PROBLEM DETAILS:
Exact copies of the lines below are the goal; any images in them are dropped.

RECORDED DATA:
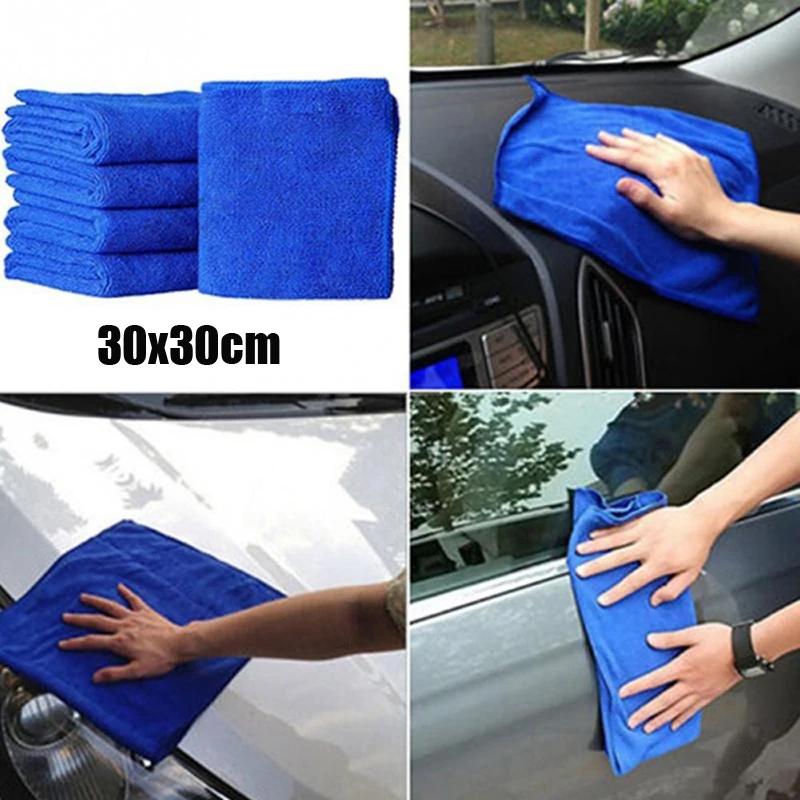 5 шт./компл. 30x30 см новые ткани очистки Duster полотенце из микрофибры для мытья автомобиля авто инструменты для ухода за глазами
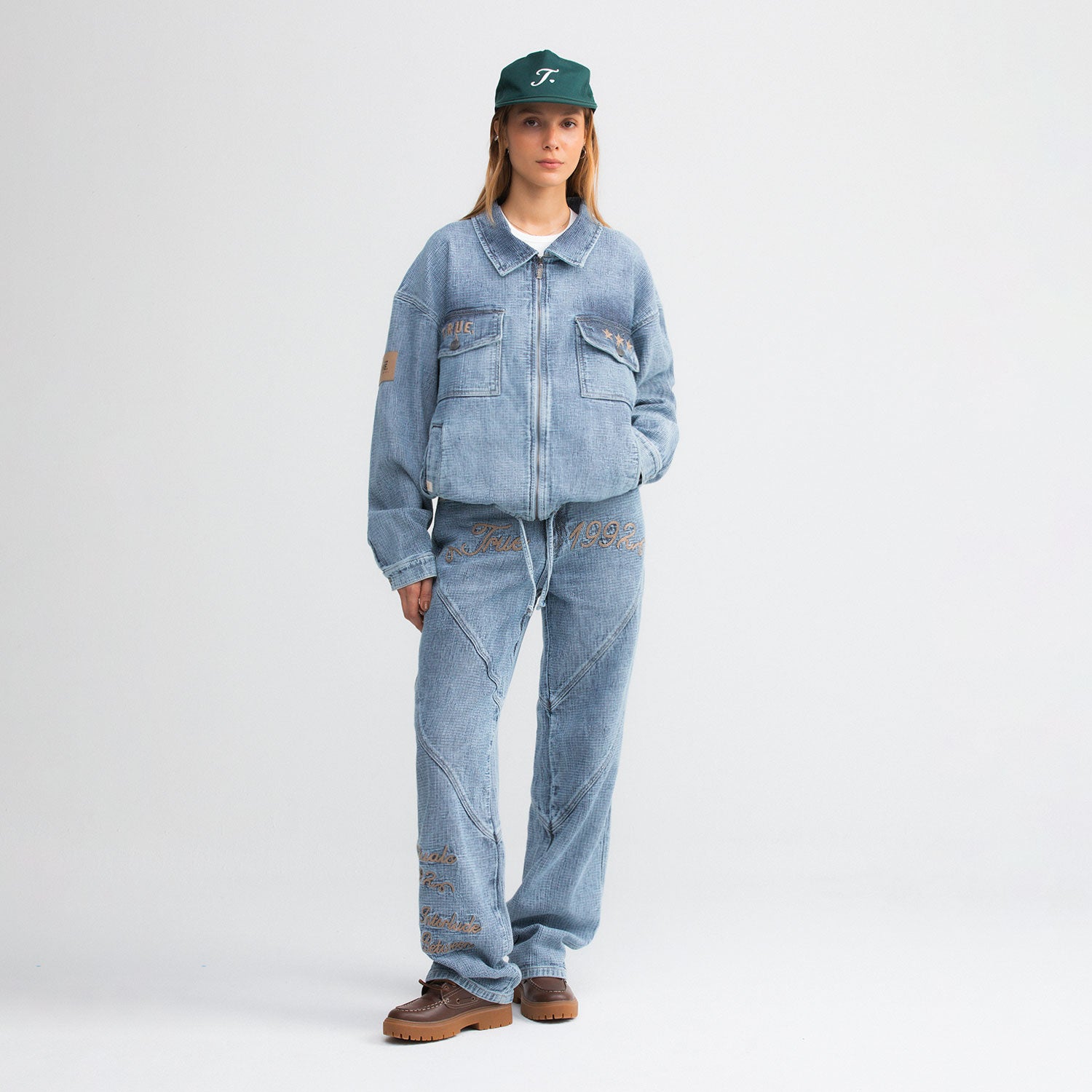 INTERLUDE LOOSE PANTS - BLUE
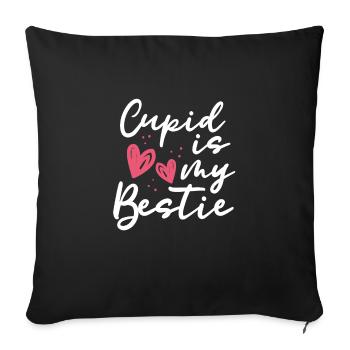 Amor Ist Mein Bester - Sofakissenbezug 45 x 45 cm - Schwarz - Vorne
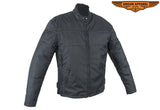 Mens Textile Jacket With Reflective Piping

EXERCISE RESPONSE:
 5 шт./компл. 30x30 см новые ткани очистки Duster полотенце из микрофибры для мытья автомобиля авто инструменты для ухода за глазами
 INTERLUDE LOOSE PANTS - BLUE
 Amor Ist Mein Bester - Sofakissenbezug 45 x 45 cm - Schwarz - Vorne
 Mens Textile Jacket With Reflective Piping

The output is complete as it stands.